London EV Company Limited (LEVC, formerly The London Taxi Corporation Limited trading as The London Taxi Company) is a British automotive electric vehicle manufacturer with its headquarters at Ansty near Coventry, England, and a wholly-owned subsidiary of Chinese automaker Geely. The company is responsible for the electrical conversion of London’s famous black taxicabs.

History

Geely's involvement in British taxicab production began in 2006 when it partnered with LEVC's predecessor The London Taxi Company, and its parent Manganese Bronze Holdings, in the creation of a China-based taxicab manufacturing joint venture.
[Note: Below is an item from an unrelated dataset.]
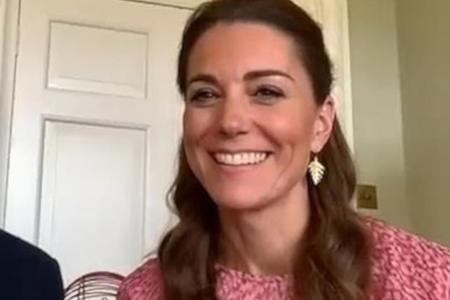 Herzogin Kate beim Online-Bingo.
In 2008, Geely considered the possibility of converting London's black cabs into electric-powered vehicles. In 2009 Geely bought shares in Manganese Bronze Holdings.

In 2012 Manganese Bronze Holdings entered administration due to lack of funding. In 2013 Geely rescued part of the business and created its own taxicab production company as The London Taxi Corporation Limited.

The joint venture, Shanghai LTI Automobile Components Co Ltd, makes the TX4, a licensed London Black Cab, in Fengjing, Shanghai, and exports semi-complete knock-down kits for assembly in the UK.

From 2014, Geely invested £480m in LEVC to develop a new taxi. In March 2015, LEVC announced a new factory and offices would be built at Ansty Park, northeast of Coventry at a cost of £90m, creating 1,000 jobs. Geely hoped to manufacture 36,000 vehicles per annum.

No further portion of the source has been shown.